• [What is being asked]:
A full, exact copy of the records below is the required answer.

• [Dataset items]:
------------------------------------------------

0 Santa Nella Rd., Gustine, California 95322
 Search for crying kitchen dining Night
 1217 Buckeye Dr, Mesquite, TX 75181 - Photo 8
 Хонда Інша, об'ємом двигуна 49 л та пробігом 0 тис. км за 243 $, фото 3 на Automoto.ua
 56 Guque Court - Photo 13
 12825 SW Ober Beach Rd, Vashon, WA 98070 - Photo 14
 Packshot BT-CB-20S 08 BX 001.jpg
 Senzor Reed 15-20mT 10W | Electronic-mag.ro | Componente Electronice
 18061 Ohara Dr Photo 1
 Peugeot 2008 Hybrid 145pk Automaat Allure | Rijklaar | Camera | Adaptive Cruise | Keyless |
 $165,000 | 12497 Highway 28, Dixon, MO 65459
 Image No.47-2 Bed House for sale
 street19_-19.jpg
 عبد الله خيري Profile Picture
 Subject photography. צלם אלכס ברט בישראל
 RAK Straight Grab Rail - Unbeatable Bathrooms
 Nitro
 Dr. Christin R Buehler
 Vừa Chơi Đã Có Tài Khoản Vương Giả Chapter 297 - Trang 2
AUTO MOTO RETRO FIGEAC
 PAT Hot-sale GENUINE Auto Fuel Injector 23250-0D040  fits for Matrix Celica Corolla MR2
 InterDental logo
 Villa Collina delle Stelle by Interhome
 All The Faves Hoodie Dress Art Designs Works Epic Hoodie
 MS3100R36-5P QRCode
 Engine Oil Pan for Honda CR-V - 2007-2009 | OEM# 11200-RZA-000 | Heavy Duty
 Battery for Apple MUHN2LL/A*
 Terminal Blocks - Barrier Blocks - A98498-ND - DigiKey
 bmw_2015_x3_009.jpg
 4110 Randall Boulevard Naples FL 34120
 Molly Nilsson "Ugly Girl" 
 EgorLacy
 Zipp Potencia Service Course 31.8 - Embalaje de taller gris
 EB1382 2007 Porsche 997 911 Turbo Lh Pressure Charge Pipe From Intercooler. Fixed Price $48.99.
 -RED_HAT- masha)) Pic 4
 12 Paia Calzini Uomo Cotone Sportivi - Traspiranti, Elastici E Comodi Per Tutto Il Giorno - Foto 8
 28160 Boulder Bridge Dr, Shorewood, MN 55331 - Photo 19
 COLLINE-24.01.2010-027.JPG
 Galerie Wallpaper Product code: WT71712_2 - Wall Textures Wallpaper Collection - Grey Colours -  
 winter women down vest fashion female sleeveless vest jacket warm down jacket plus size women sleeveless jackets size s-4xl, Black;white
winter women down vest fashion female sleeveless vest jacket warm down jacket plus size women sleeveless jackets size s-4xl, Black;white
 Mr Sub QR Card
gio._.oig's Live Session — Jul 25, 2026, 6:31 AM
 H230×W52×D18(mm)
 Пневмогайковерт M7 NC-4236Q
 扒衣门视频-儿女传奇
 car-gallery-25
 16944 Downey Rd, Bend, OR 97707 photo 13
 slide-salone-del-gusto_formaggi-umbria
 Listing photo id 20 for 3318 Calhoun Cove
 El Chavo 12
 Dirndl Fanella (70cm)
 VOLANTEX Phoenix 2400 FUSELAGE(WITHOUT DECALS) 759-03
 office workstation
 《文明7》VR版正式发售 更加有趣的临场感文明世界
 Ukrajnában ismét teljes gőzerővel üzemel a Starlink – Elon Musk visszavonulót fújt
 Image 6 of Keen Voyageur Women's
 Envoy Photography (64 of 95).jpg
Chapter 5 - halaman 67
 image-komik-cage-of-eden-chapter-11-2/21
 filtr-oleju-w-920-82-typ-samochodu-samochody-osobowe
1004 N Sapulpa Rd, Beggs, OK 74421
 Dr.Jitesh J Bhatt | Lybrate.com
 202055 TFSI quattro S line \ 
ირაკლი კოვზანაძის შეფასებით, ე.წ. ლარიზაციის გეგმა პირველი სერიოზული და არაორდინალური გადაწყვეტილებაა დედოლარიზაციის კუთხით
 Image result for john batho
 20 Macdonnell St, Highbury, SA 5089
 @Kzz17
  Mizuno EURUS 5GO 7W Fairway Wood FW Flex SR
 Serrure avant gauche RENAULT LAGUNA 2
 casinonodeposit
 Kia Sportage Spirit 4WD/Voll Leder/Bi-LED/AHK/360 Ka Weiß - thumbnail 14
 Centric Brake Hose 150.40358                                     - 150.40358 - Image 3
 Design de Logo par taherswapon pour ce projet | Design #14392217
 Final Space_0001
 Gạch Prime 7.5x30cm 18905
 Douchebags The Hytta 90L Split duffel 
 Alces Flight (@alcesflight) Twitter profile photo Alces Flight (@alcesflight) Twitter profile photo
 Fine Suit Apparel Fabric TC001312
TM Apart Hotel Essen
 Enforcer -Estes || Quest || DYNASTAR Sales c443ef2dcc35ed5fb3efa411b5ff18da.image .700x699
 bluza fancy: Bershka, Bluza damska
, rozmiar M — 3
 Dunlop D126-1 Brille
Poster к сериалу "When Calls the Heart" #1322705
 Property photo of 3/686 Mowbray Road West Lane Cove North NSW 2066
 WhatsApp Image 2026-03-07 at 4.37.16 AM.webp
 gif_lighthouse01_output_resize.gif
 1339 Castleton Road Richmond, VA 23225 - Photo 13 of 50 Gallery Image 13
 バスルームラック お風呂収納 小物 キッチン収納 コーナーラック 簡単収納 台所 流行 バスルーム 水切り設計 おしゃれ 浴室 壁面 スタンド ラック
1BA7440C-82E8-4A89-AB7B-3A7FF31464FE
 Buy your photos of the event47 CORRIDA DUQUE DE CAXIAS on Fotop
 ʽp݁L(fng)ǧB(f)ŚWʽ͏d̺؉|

------------------------------------------------

• [Output for this task]:
0 Santa Nella Rd., Gustine, California 95322
 Search for crying kitchen dining Night
 1217 Buckeye Dr, Mesquite, TX 75181 - Photo 8
 Хонда Інша, об'ємом двигуна 49 л та пробігом 0 тис. км за 243 $, фото 3 на Automoto.ua
 56 Guque Court - Photo 13
 12825 SW Ober Beach Rd, Vashon, WA 98070 - Photo 14
 Packshot BT-CB-20S 08 BX 001.jpg
 Senzor Reed 15-20mT 10W | Electronic-mag.ro | Componente Electronice
 18061 Ohara Dr Photo 1
 Peugeot 2008 Hybrid 145pk Automaat Allure | Rijklaar | Camera | Adaptive Cruise | Keyless |
 $165,000 | 12497 Highway 28, Dixon, MO 65459
 Image No.47-2 Bed House for sale
 street19_-19.jpg
 عبد الله خيري Profile Picture
 Subject photography. צלם אלכס ברט בישראל
 RAK Straight Grab Rail - Unbeatable Bathrooms
 Nitro
 Dr. Christin R Buehler
 Vừa Chơi Đã Có Tài Khoản Vương Giả Chapter 297 - Trang 2
AUTO MOTO RETRO FIGEAC
 PAT Hot-sale GENUINE Auto Fuel Injector 23250-0D040  fits for Matrix Celica Corolla MR2
 InterDental logo
 Villa Collina delle Stelle by Interhome
 All The Faves Hoodie Dress Art Designs Works Epic Hoodie
 MS3100R36-5P QRCode
 Engine Oil Pan for Honda CR-V - 2007-2009 | OEM# 11200-RZA-000 | Heavy Duty
 Battery for Apple MUHN2LL/A*
 Terminal Blocks - Barrier Blocks - A98498-ND - DigiKey
 bmw_2015_x3_009.jpg
 4110 Randall Boulevard Naples FL 34120
 Molly Nilsson "Ugly Girl" 
 EgorLacy
 Zipp Potencia Service Course 31.8 - Embalaje de taller gris
 EB1382 2007 Porsche 997 911 Turbo Lh Pressure Charge Pipe From Intercooler. Fixed Price $48.99.
 -RED_HAT- masha)) Pic 4
 12 Paia Calzini Uomo Cotone Sportivi - Traspiranti, Elastici E Comodi Per Tutto Il Giorno - Foto 8
 28160 Boulder Bridge Dr, Shorewood, MN 55331 - Photo 19
 COLLINE-24.01.2010-027.JPG
 Galerie Wallpaper Product code: WT71712_2 - Wall Textures Wallpaper Collection - Grey Colours -  
 winter women down vest fashion female sleeveless vest jacket warm down jacket plus size women sleeveless jackets size s-4xl, Black;white
winter women down vest fashion female sleeveless vest jacket warm down jacket plus size women sleeveless jackets size s-4xl, Black;white
 Mr Sub QR Card
gio._.oig's Live Session — Jul 25, 2026, 6:31 AM
 H230×W52×D18(mm)
 Пневмогайковерт M7 NC-4236Q
 扒衣门视频-儿女传奇
 car-gallery-25
 16944 Downey Rd, Bend, OR 97707 photo 13
 slide-salone-del-gusto_formaggi-umbria
 Listing photo id 20 for 3318 Calhoun Cove
 El Chavo 12
 Dirndl Fanella (70cm)
 VOLANTEX Phoenix 2400 FUSELAGE(WITHOUT DECALS) 759-03
 office workstation
 《文明7》VR版正式发售 更加有趣的临场感文明世界
 Ukrajnában ismét teljes gőzerővel üzemel a Starlink – Elon Musk visszavonulót fújt
 Image 6 of Keen Voyageur Women's
 Envoy Photography (64 of 95).jpg
Chapter 5 - halaman 67
 image-komik-cage-of-eden-chapter-11-2/21
 filtr-oleju-w-920-82-typ-samochodu-samochody-osobowe
1004 N Sapulpa Rd, Beggs, OK 74421
 Dr.Jitesh J Bhatt | Lybrate.com
 202055 TFSI quattro S line \ 
ირაკლი კოვზანაძის შეფასებით, ე.წ. ლარიზაციის გეგმა პირველი სერიოზული და არაორდინალური გადაწყვეტილებაა დედოლარიზაციის კუთხით
 Image result for john batho
 20 Macdonnell St, Highbury, SA 5089
 @Kzz17
  Mizuno EURUS 5GO 7W Fairway Wood FW Flex SR
 Serrure avant gauche RENAULT LAGUNA 2
 casinonodeposit
 Kia Sportage Spirit 4WD/Voll Leder/Bi-LED/AHK/360 Ka Weiß - thumbnail 14
 Centric Brake Hose 150.40358                                     - 150.40358 - Image 3
 Design de Logo par taherswapon pour ce projet | Design #14392217
 Final Space_0001
 Gạch Prime 7.5x30cm 18905
 Douchebags The Hytta 90L Split duffel 
 Alces Flight (@alcesflight) Twitter profile photo Alces Flight (@alcesflight) Twitter profile photo
 Fine Suit Apparel Fabric TC001312
TM Apart Hotel Essen
 Enforcer -Estes || Quest || DYNASTAR Sales c443ef2dcc35ed5fb3efa411b5ff18da.image .700x699
 bluza fancy: Bershka, Bluza damska
, rozmiar M — 3
 Dunlop D126-1 Brille
Poster к сериалу "When Calls the Heart" #1322705
 Property photo of 3/686 Mowbray Road West Lane Cove North NSW 2066
 WhatsApp Image 2026-03-07 at 4.37.16 AM.webp
 gif_lighthouse01_output_resize.gif
 1339 Castleton Road Richmond, VA 23225 - Photo 13 of 50 Gallery Image 13
 バスルームラック お風呂収納 小物 キッチン収納 コーナーラック 簡単収納 台所 流行 バスルーム 水切り設計 おしゃれ 浴室 壁面 スタンド ラック
1BA7440C-82E8-4A89-AB7B-3A7FF31464FE
 Buy your photos of the event47 CORRIDA DUQUE DE CAXIAS on Fotop
 ʽp݁L(fng)ǧB(f)ŚWʽ͏d̺؉|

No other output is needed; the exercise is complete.